Comprehensive analysis of tumour sub-volumes for radiomic risk modelling in locally advanced HNSCC
(2020)
Simple Summary: Radiomic risk models are usually based on imaging features, which are extracted from the entire gross tumour volume (GTV entire ). This approach does not explicitly consider the complex biological structure of the tumours. Therefore, in this retrospective study, we investigated the prognostic value of radiomic analyses based on different tumour sub-volumes using computed tomography imaging of patients with locally advanced head and neck squamous cell carcinoma who were treated with primary radio-chemotherapy. The GTV entire was cropped by different margins to define the rim and corresponding core sub-volumes of the tumour. Furthermore, the best performing tumour rim sub-volume was extended into surrounding tissue with different margins. As a result, the models based on the 5 mm tumour rim and on the 3 mm extended rim sub-volume showed an improved performance compared to models based on the corresponding tumour core. This indicates that the consideration of tumour sub-volumes may help to improve radiomic risk models.

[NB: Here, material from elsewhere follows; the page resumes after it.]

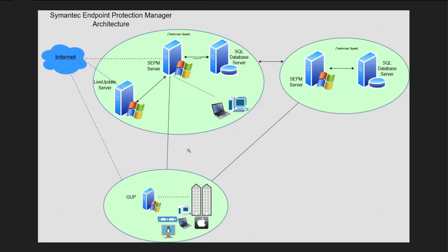So in the next video we will see SEPM server prerequisites as well as Symantec support portal walkthrough, because how easily you will download the software and other stuff, create cases with Symantec, these are all important things. So with this information I'll end this particular video here and I'll catch you in the next amazing video. Till then, bye bye.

Abstract: Imaging features for radiomic analyses are commonly calculated from the entire gross tumour volume (GTVentire). However, tumours are biologically complex and the consideration of different tumour regions in radiomic models may lead to an improved outcome prediction. Therefore, we investigated the prognostic value of radiomic analyses based on different tumour sub-volumes using computed tomography imaging of patients with locally advanced head and neck squamous cell carcinoma. The GTVentire was cropped by different margins to define the rim and the corresponding core sub-volumes of the tumour. Subsequently, the best performing tumour rim sub-volume was extended into surrounding tissue with different margins. Radiomic risk models were developed and validated using a retrospective cohort consisting of 291 patients in one of the six Partner Sites of the German Cancer Consortium Radiation Oncology Group treated between 2005 and 2013. The validation concordance index (C-index) averaged over all applied learning algorithms and feature selection methods using the GTVentire achieved a moderate prognostic performance for loco-regional tumour control (C-index: 0.61 ± 0.04 (mean ± std)). The models based on the 5 mm tumour rim and on the 3 mm extended rim sub-volume showed higher median performances (C-index: 0.65 ± 0.02 and 0.64 ± 0.05, respectively), while models based on the corresponding tumour core volumes performed less (C-index: 0.59 ± 0.01). The difference in C-index between the 5 mm tumour rim and the corresponding core volume showed a statistical trend (p = 0.10). After additional prospective validation, the consideration of tumour sub-volumes may be a promising way to improve prognostic radiomic risk models.